### WORK ORDER
An exact reprint of the listing is required, with no pictures included.

[[ DATA LISTING open ]]

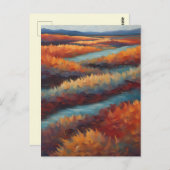Paysage impressionniste aux couleurs d'automne briefkaart (Voorkant / Achterkant)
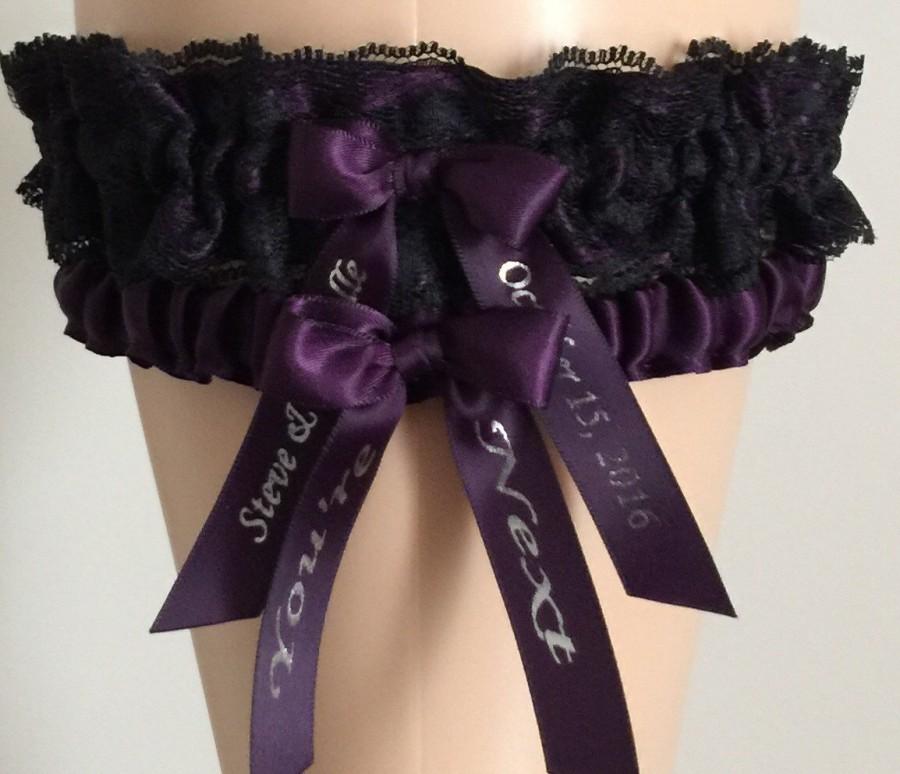 Mariage - Eggplant Purple and Black Lace Wedding Garter Set, Bridal Garter, Prom Garter, Lace Garter, Keepsake Garter, Garter, Bridal Gift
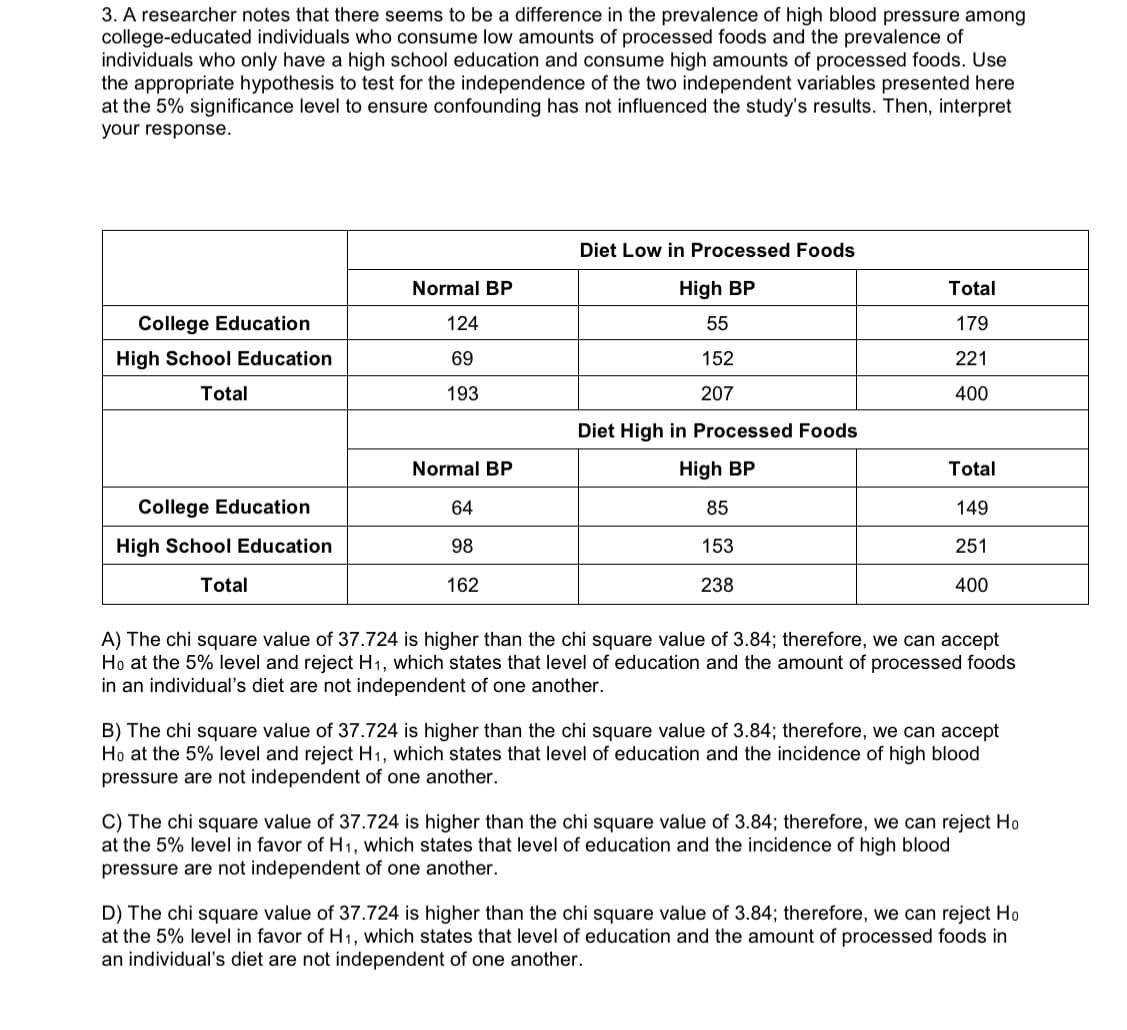 3. A researcher notes that there seems to be a difference in the prevalence of high blood pressure among
college-educated individuals who consume low amounts of processed foods and the prevalence of
individuals who only have a high school education and consume high amounts of processed foods. Use
the appropriate hypothesis to test for the independence of the two independent variables presented here
at the 5% significance level to ensure confounding has not influenced the study's results. Then, interpret
your response
Diet Low in Processed Foods
Normal BP
High BP
Total
College Education
124
55
179
High School Education
69
152
221
Total
193
207
400
Diet High in Processed Foods
Normal BP
High BP
Total
College Education
64
85
149
High School Education
98
153
251
Total
162
238
400
A) The chi square value of 37.724 is higher than the chi square value of 3.84; therefore, we can accept
Ho at the 5% level and reject H1, which states that level of education and the amount of processed foods
in an individual's diet are not independent of one another
B) The chi square value of 37.724 is higher than the chi square value of 3.84; therefore, we can accept
Ho at the 5% level and reject H1, which states that level of education and the incidence of high blood
pressure are not independent of one another.
C) The chi square value of 37.724 is higher than the chi square value of 3.84; therefore, we can reject Ho
at the 5% level in favor of H 1, which states that level of education and the incidence of high blood
pressure are not independent of one another
D) The chi square value of 37.724 is higher than the chi square value of 3.84; therefore, we can reject Ho
at the 5% level in favor of H 1, which states that level of education and the amount of processed foods in
an individual's diet are not independent of one another.
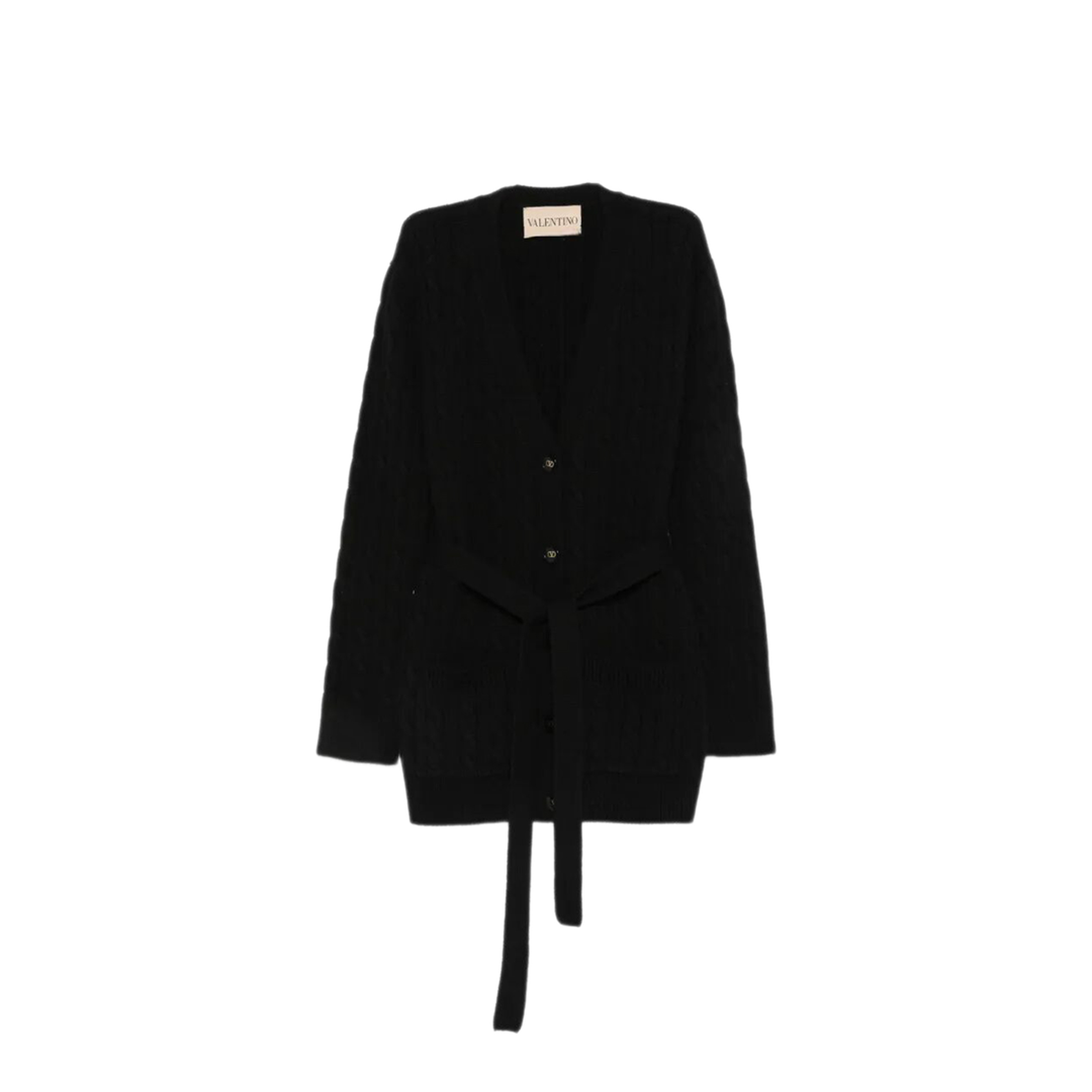 VALENTINO VLTNロゴ ケーブル ニット カーディガン L ブラック Valentino Cable-Knit Belted Cashmere Cardigan – MAYFEYR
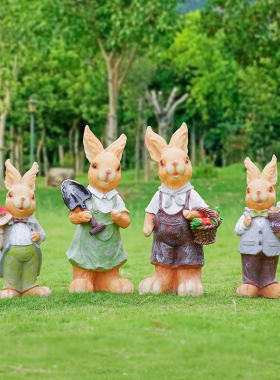 玻璃钢户外仿真兔子雕塑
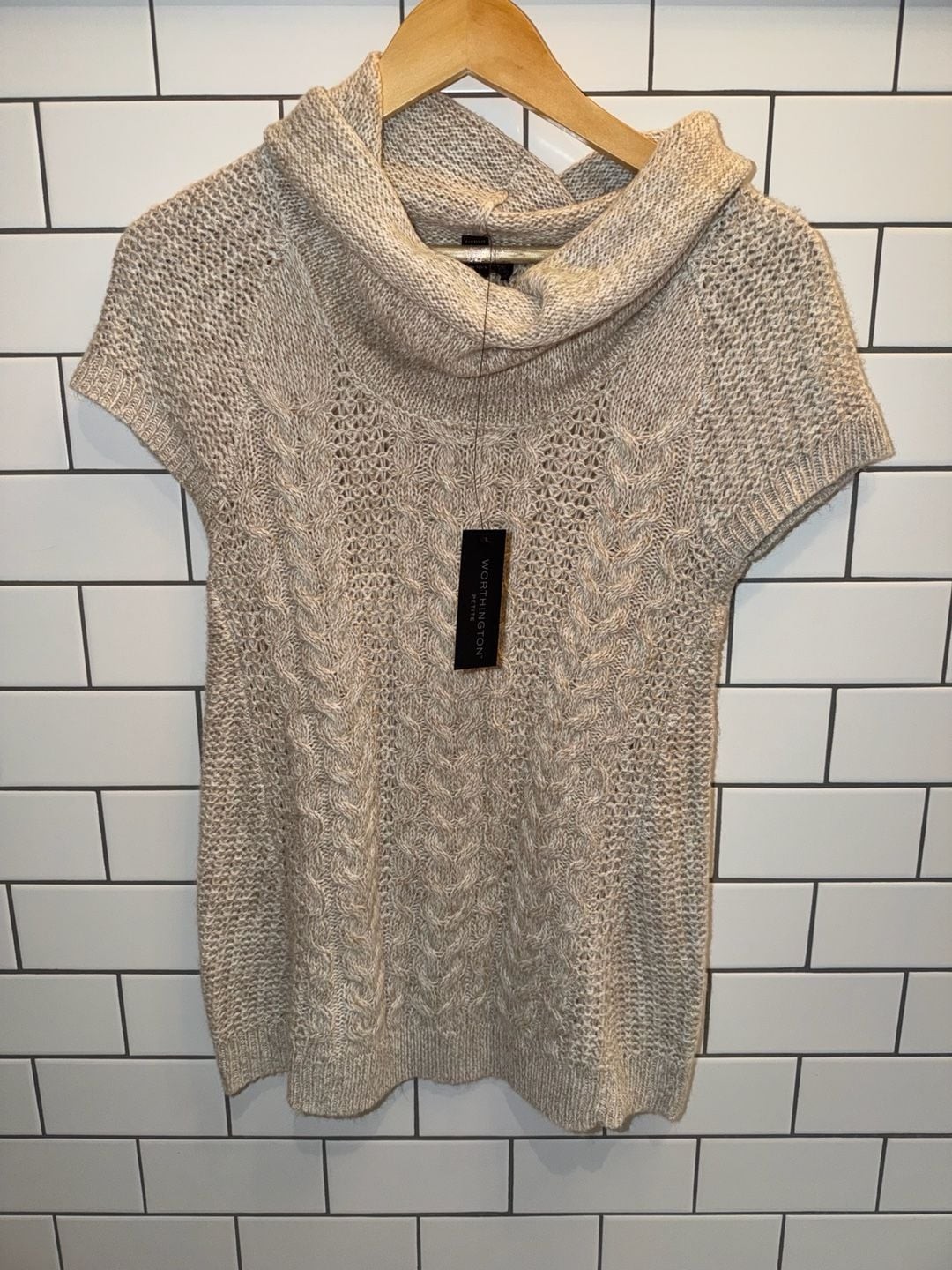 Worthington Petite Cowl Neck Cable Knit Short Sleeve Sweater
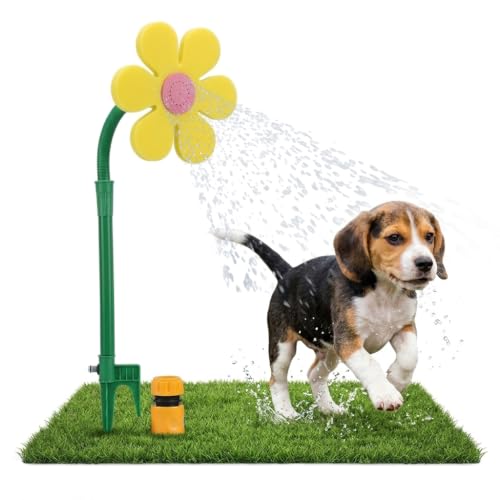 Daisy Sprinkler,360°Tanzende Crazy Daisy Rasensprenger,Wassersprinkler Kinder Outdoor, Mit Anschluss,Rasensprenger Wasserspielzeug,Gelb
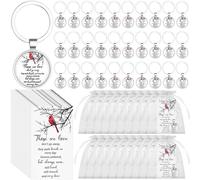 CNSJ 30 Sets Funeral Favours Memorial Cardinal Keychain Bereavement Key Ring Bulk Remembrance Cards Organza Bags for Loss of Loved One Guests Keepsakes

[[ DATA LISTING closed ]]

### THE ANSWER
Paysage impressionniste aux couleurs d'automne briefkaart (Voorkant / Achterkant)
 Mariage - Eggplant Purple and Black Lace Wedding Garter Set, Bridal Garter, Prom Garter, Lace Garter, Keepsake Garter, Garter, Bridal Gift
 3. A researcher notes that there seems to be a difference in the prevalence of high blood pressure among
college-educated individuals who consume low amounts of processed foods and the prevalence of
individuals who only have a high school education and consume high amounts of processed foods. Use
the appropriate hypothesis to test for the independence of the two independent variables presented here
at the 5% significance level to ensure confounding has not influenced the study's results. Then, interpret
your response
Diet Low in Processed Foods
Normal BP
High BP
Total
College Education
124
55
179
High School Education
69
152
221
Total
193
207
400
Diet High in Processed Foods
Normal BP
High BP
Total
College Education
64
85
149
High School Education
98
153
251
Total
162
238
400
A) The chi square value of 37.724 is higher than the chi square value of 3.84; therefore, we can accept
Ho at the 5% level and reject H1, which states that level of education and the amount of processed foods
in an individual's diet are not independent of one another
B) The chi square value of 37.724 is higher than the chi square value of 3.84; therefore, we can accept
Ho at the 5% level and reject H1, which states that level of education and the incidence of high blood
pressure are not independent of one another.
C) The chi square value of 37.724 is higher than the chi square value of 3.84; therefore, we can reject Ho
at the 5% level in favor of H 1, which states that level of education and the incidence of high blood
pressure are not independent of one another
D) The chi square value of 37.724 is higher than the chi square value of 3.84; therefore, we can reject Ho
at the 5% level in favor of H 1, which states that level of education and the amount of processed foods in
an individual's diet are not independent of one another.
 VALENTINO VLTNロゴ ケーブル ニット カーディガン L ブラック Valentino Cable-Knit Belted Cashmere Cardigan – MAYFEYR
 玻璃钢户外仿真兔子雕塑
 Worthington Petite Cowl Neck Cable Knit Short Sleeve Sweater
 Daisy Sprinkler,360°Tanzende Crazy Daisy Rasensprenger,Wassersprinkler Kinder Outdoor, Mit Anschluss,Rasensprenger Wasserspielzeug,Gelb
 CNSJ 30 Sets Funeral Favours Memorial Cardinal Keychain Bereavement Key Ring Bulk Remembrance Cards Organza Bags for Loss of Loved One Guests Keepsakes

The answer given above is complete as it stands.